7.SP.B.4 7th Grade Statistics & Probability

Comparing Populations Numerically

Use measures of center and measures of variability to draw informal comparative inferences about two populations.

How to explain it

At this standard, students use measures of center and variability from random sample data to draw informal comparative inferences about two populations, using precise inference language.

The anchor students hold onto: Find center and spread for each sample. Express the center gap in MAD units. Then use both statistics together to draw an inference about which population is typically higher.
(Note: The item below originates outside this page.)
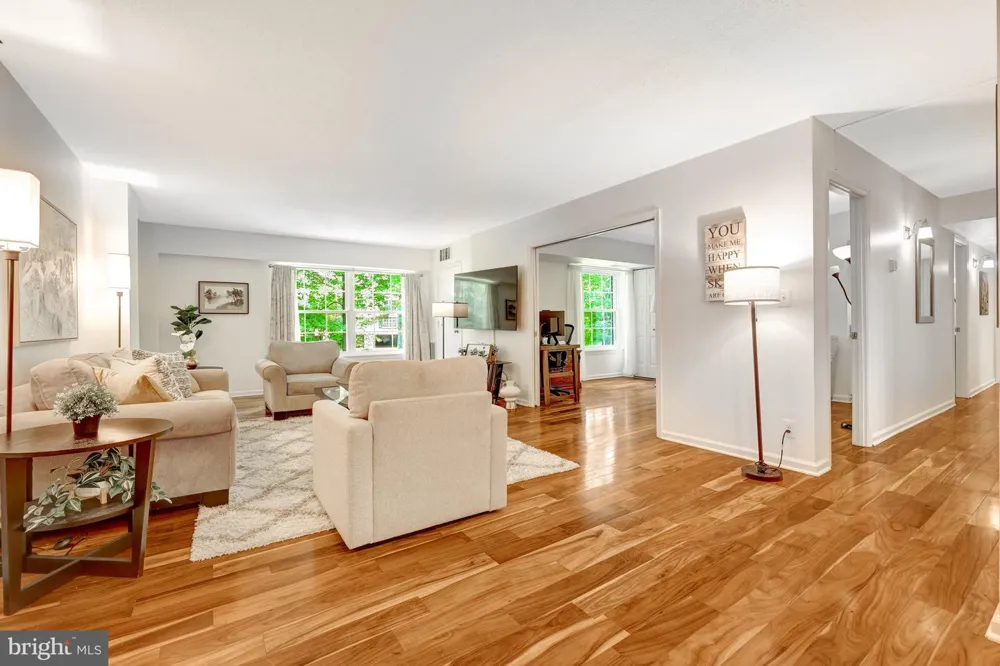 7630 PROVINCIAL DRIVE #104 Mclean, VA 22102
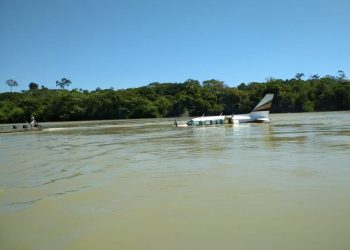 Avião de pequeno porte faz pouso forçado em rio do Pará; piloto diz à polícia que matou homem em voo após testemunhar assassinato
Informal comparative inference with center and variability prepares students for 8.SP.A.1, where scatter plots and lines of best fit support predictions about bivariate data.

Worked examples

Example 1 MAD Ratio + Inference
mean A=20, B=26, MAD=3 each
Step 1Center gap = 26 − 20 = 6.
Step 2MAD ratio = 6 / 3 = 2 MADs apart → little overlap.
Step 3Population B is typically higher (based on samples).
Answer6/3 = 2 MADs apart; little overlap; Population B is typically higher
Example 2 Write Full Inference
A mean=40, B mean=52; 3 MADs
Step 13 MADs apart: clearly different; little to no overlap.
Step 2Population B has the higher center (mean=52 vs. 40).
Step 3"Based on samples, Population B is typically higher than A."
AnswerPopulation B is typically higher (3 MADs; clearly different)

Common mistakes

What students write The population with the higher sample mean is always higher than the other population in every case.
The fix An informal comparative inference says one population is TYPICALLY higher — not always. Overlapping distributions mean some members of the lower-center group may still score above members of the higher-center group. Use "typically" or "tends to be," never "always."
Try this Two 7th-grade classes each had 30 randomly selected students take a math assessment. Class A: mean=82 pts, MAD=10 pts. Class B: mean=75 pts, MAD=10 pts. Rivera writes: "Class A has a mean of 82 and Class B has a mean of 75. Class A is 7 points higher. Therefore, Class A students are always better at math than Class B students." Identify and correct Rivera's two errors.
What students write Comparing means alone is enough to draw a valid comparative inference.
The fix Both center AND variability are required. A center gap of 6 means very different things when MAD=2 (3 MADs — clearly different) vs. MAD=12 (0.5 MADs — much overlap). Always express the center gap in MAD units before drawing an inference.
Try this A researcher compared two groups on a science test using random samples. Group 1: mean=65 pts, MAD=3 pts. Group 2: mean=58 pts, MAD=8 pts. Tran writes: "Group 2 has a larger MAD (8 > 3), so Group 2's scores are typically higher than Group 1's scores." Identify Tran's error and write the correct inference.

Teacher tip

Head off the two predictable errors before they happen. First: An informal comparative inference says one population is TYPICALLY higher — not always. Overlapping distributions mean some members of the lower-center group may still score above members of the higher-center group. Use "typically" or "tends to be," never "always." Second: Both center AND variability are required. A center gap of 6 means very different things when MAD=2 (3 MADs — clearly different) vs. MAD=12 (0.5 MADs — much overlap). Always express the center gap in MAD units before drawing an inference.